Hi community!,
I'm annotating variants with the VEP software and I'm finding some unexpected transcript data of the type:
- NM_014938.4_dupl16
- NM_001170637.2_dupl3
1 206516261 . C T 47 PASS CSQ=T|non_coding_transcript_exon_variant|MODIFIER|SRGAP2|23380|Transcript|NM_001170637.2_dupl3|mRNA|1/20||NM_001170637.2_dupl3.1:n.65C>T||65|||||||1||SNV|EntrezGene|||||||||||C|C||||||||||||||||||||||||||||||||||||||||||||||||||||||||||1:206516261-206516261|0.4996565||||,
T|missense_variant|MODERATE|SRGAP2|23380|Transcript|NM_001170637.3|protein_coding|1/20||NM_001170637.3:c.65C>T|NP_001164108.1:p.Arg289Trp|864|865|289|R/W|Cgg/Tgg|||1||SNV|EntrezGene||||||NP_001164108.1|||||C|C|OK|||||||||||||||||||||||||||||||||||0.63580||||T|T||||||||||2|||||||1:206516261-206516261|0.4996565||||,
T|missense_variant|MODERATE|SRGAP2|23380|Transcript|NM_001300952.1|protein_coding|1/18||NM_001300952.1:c.65C>T|NP_001287881.1:p.Arg289Trp|864|865|289|R/W|Cgg/Tgg|||1||SNV|EntrezGene||||||NP_001287881.1|||||C|C|OK|||||||||||||||||||||||||||||||||||0.63580||||T|T||||||||||2|||||||1:206516261-206516261|0.4996565||||,
T|non_coding_transcript_exon_variant|MODIFIER|SRGAP2|23380|Transcript|NM_015326.3_dupl3|mRNA|1/20||NM_015326.3_dupl3.1:n.65C>T||65|||||||1||SNV|EntrezGene||YES|||||||||C|C||||||||||||||||||||||||||||||||||||||||||||||||||||||||||1:206516261-206516261|0.4996565||||,
T|missense_variant|MODERATE|SRGAP2|23380|Transcript|NM_015326.4|protein_coding|1/20||NM_015326.4:c.65C>T|NP_056141.2:p.Arg289Trp|864|865|289|R/W|Cgg/Tgg|||1||SNV|EntrezGene||YES||||NP_056141.2|||||C|C|OK|||||||||||||||||||||||||||||||||||0.63580||||T|T||||||||||2|||||||1:206516261-206516261|0.4996565|||| GT:DP:VD:AD:AF:RD:ALD 0/1:9:3:6,3:0.3333:6,0:3,0
Searching on the VEP webpage or in the internet I can't find any reference to this kind of "dupl" suffix. Has anyone faced this? I don't know if they are alternatives of the transcript or explain why they are not transcripts on its own.
Thanks in advance!
Cristian.
Edit: Added example of variant with the vep annotation of dup (NM_015326.3_dupl3)
Edit2: Using VEP ensembl version 91.1 with cache v91
could you post the variants (VCF records) that cause this annotation?
Also, which column of your VEP output are you finding this notation in?
Hi Emily, it's the parameter that references the transcript, the "Feature" column (I'm actually outputting in a VCF format).
Thanks, will try to trace.
Are you using GRCh37?
Yes, version 91 of GRCh37
I think NM_015326.3_dupl3.1 and other entries mentioned in OP are feature (transcript) names in that build.

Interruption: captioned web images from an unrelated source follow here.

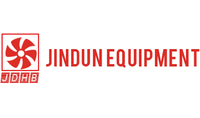 Shandong Jindun Energy Conservation & Environmental Protection Equipment Co., Ltd.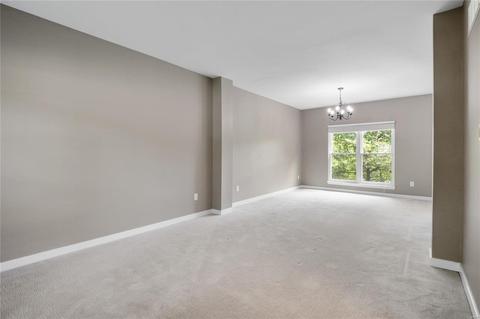540 Wetherby Terrace Dr, Ballwin, MO 63021 photo 16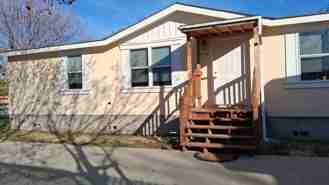 9120 Iroquois Way #NA - Photo 1 of 1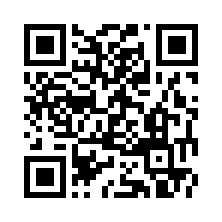 QR Code for 37N65txtksEw2dSN2RdepkLRNqHKnZHiLS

Variation reporter for NC_000001.10:g.206516261C>T for GRCh37.p13 (AR-105, dbSNP v 149): doesn' list coding variant at position 65, instead at 322 (NM_015326.4:c.322C>T) and has only one annotation instead of 2, which is mentioned above.
I supposed that is something like that. What intrigues us is why name it like a "duplXX". We thought that they may be duplicates from another transcripts or reference transcripts with duplicate exons, but watching that "dupl16" was really strange.